The gambler looked the android up and down.

"'re one of those cyborgs that came with King Rhys, aren't you?"

Wren forbore from pointing out the technical inaccuracy of the term "cyborg," aware that over the one thousand years since his creation, the common usage of the word had changed so that it now referred to both androids and robots collectively.

"That is so. I wish to play."

He placed a ten-meseta coin onto the table as he'd seen the others do.

The gambler swallowed nervously. Wren found this to be logical, as the man's livelihood depended upon successfully hiding the marble from his customers.

"Well, um, okay. Watch the ball now, and don't let it leave your sight." He showed the marble, then tipped up one of the shells and hid the ball from view. He then started mixing up the shells. "Round and round they go; got to have a fast eye or you'll be fooled." He stopped moving the shells. "Now, sir, where do you think it is?"

"The marble is currently held in your left hand."

Murmurs came from the crowd, and the gambler turned a shade paler.

"Wait a second; it's not in my hand, see?" He held up his empty hands.

"That is correct. You have transferred it to your vest pocket since I made my initial statement."

"What?" someone in the throng shouted.

"You cheated?" another accused.

"He's a dirty cheat!"

"You give us our money back!"

The gambler backed away, holding his hands out as if trying to ward the crowd off. "Now, now, let's not be hasty..."

"Get him!"

The brawl started almost immediately thereafter.

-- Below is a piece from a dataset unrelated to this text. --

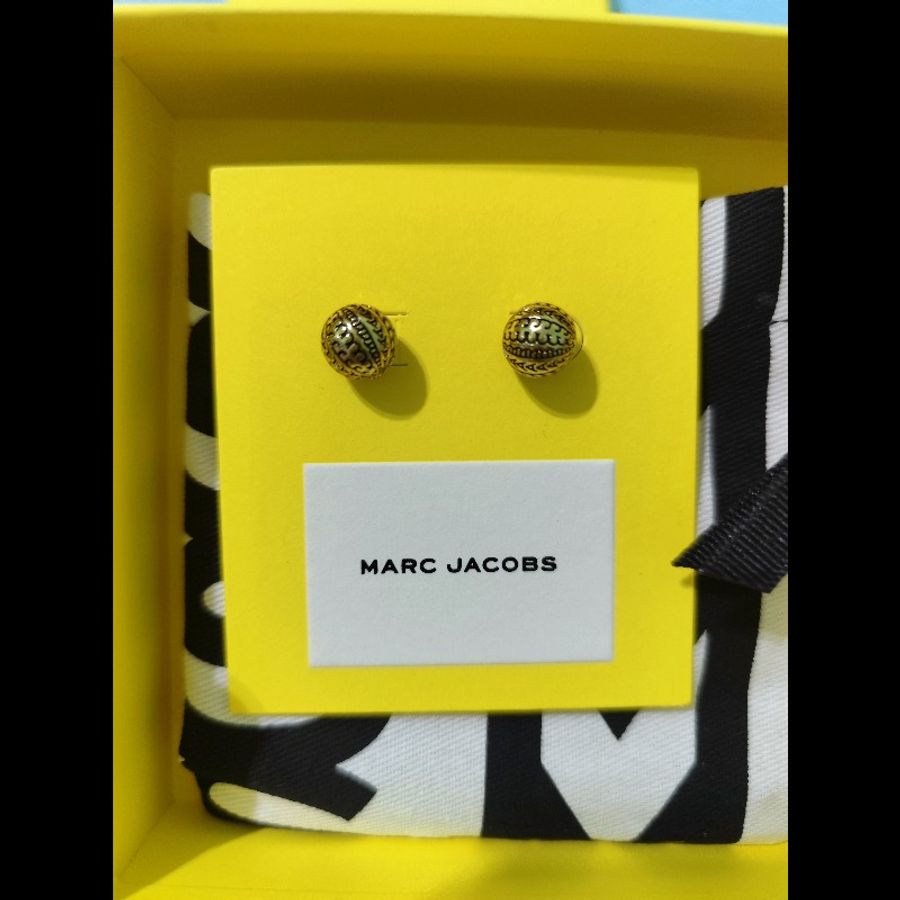 MJ Marc Jacobs Monogram 專櫃款 滿版球型耳環 中性款(不可議)-6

"Okay, Wren, let's go," Mieu said.

"Should we not intervene? It is likely that people will be injured."

"Exactly. Come on, Wren, we have shopping to do."

Wren consulted his core directives, verified that Mieu's suggestion took precedence over any but the most strained interpretation of the standing orders given to him by his current master, and followed along towards a display selling plush toys. Trying to predict Mieu's reactions would, he speculated, make for an excellent gambling game.

He did not, however, mention this to her.